La condición física de Rafa

“Lógicamente la competición es muy exigente, a medida que pasan los años hay que tomar ciertas medidas. La condición física que Rafa tenía con 20 años es diferente a la que tiene con 32, después de una vida dedicada a la alta competición”, subraya Cotorro, que ha atendido la salud del balear durante gran parte de su vida en la élite. “Esto es algo lógico en el deporte profesional, igual que le sucede a Nadal le ocurre al resto de jugadores. Es cierto que el circuito es muy exigente y ahora, con la factura que el deporte va pasando a Rafa, se trata de regular la competición”.

En un circuito donde el 70% de los torneos se celebran sobre superficie dura, Cotorro coincide con la diana apuntaba por Nadal en la jornada de su adiós.

“Es obvio lo que está pasando en el circuito”, apunta el galeno, concorde en las reservas sobre el suelo. “Hay mucha gente que está lesionada, tanto en la parte alta del ránking como en la menos alta. Los problemas de la superficie dura ya sabemos cuáles son: es un tipo de pista mucho más exigente para el cuerpo, que transfiere un gran impacto a las articulaciones y al organismo. Mucho más que una pista de tierra, es obvio. Esto es un aspecto en el que hay bastante unanimidad desde el punto de vista científico”.

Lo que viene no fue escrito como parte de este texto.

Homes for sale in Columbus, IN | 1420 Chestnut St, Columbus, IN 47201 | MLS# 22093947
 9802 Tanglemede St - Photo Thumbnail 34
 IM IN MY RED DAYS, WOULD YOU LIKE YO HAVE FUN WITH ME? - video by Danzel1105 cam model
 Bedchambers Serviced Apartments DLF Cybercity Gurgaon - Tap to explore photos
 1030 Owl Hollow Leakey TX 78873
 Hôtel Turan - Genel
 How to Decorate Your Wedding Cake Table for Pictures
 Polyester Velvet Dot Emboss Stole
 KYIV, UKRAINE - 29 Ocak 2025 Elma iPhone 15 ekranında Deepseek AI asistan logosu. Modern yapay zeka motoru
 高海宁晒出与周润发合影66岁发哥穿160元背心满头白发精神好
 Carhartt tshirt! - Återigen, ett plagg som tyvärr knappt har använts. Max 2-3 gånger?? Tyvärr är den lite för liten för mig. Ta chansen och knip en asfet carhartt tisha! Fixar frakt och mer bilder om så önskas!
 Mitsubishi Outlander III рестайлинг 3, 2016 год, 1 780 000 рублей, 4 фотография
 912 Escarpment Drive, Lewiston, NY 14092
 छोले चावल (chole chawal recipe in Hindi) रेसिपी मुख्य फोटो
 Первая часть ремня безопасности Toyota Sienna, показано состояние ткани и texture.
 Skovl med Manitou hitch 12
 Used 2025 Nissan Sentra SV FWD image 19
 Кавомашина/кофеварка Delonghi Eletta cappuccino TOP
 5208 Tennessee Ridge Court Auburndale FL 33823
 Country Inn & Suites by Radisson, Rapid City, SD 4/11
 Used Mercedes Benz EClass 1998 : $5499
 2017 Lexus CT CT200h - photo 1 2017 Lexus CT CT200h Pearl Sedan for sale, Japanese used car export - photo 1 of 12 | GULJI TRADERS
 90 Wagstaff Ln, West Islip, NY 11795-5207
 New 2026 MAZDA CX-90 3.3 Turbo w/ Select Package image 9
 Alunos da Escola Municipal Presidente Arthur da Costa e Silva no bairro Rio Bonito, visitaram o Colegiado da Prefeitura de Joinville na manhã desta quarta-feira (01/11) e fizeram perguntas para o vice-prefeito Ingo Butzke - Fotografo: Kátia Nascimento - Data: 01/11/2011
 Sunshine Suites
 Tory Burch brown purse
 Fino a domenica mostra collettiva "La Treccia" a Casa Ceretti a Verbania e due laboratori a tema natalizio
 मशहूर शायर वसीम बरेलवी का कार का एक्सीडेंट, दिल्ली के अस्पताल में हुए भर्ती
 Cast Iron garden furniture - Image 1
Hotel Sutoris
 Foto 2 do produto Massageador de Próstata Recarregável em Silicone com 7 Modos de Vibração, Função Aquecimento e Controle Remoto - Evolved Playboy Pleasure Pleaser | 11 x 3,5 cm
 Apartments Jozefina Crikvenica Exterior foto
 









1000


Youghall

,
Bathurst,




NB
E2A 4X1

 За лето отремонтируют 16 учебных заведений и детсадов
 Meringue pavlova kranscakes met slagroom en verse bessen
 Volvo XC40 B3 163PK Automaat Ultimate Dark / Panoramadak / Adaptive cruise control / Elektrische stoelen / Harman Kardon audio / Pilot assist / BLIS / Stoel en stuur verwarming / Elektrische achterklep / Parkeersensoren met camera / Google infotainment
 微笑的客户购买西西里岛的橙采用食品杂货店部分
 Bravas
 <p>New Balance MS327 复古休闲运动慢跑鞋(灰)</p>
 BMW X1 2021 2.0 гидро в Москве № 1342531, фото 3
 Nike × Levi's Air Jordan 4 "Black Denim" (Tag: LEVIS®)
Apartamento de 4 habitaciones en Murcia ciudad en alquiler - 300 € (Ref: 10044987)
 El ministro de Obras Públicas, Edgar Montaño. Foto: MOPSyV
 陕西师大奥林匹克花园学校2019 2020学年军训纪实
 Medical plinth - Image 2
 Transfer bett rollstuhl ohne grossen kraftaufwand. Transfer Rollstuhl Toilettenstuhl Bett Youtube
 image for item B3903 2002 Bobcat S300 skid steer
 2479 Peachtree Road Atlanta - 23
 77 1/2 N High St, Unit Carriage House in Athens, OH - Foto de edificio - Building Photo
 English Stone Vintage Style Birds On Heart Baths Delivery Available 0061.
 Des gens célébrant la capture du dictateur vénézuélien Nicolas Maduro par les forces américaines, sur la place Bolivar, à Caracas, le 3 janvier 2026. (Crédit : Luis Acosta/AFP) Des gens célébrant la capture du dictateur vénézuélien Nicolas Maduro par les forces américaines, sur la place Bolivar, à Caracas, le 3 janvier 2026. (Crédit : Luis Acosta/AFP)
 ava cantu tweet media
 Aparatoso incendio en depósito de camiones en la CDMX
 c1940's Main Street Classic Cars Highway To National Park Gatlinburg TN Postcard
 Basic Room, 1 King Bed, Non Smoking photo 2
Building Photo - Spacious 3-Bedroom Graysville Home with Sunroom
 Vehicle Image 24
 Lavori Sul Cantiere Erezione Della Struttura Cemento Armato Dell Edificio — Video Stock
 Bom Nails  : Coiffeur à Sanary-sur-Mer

“Luego ya otra cosa es que en el circuito sea difícil de cambiar. Las afirmaciones de Rafa tienen todo el sentido del mundo. Nosotros estamos intentando regular la competición, desgastar lo menos posible al deportista, pero también es muy difícil cuando estás ahí arriba”, reconoce Cotorro. “Puedes controlar mucho, pero al final es una batalla difícil de ganar por el cuerpo. Llevamos muchos años tratando el campo de la prevención, intentando ver qué se tiene que hacer para proteger al deportista. Tenemos que inculcar estas precauciones desde jóvenes porque el tenis nos está ganando la batalla”.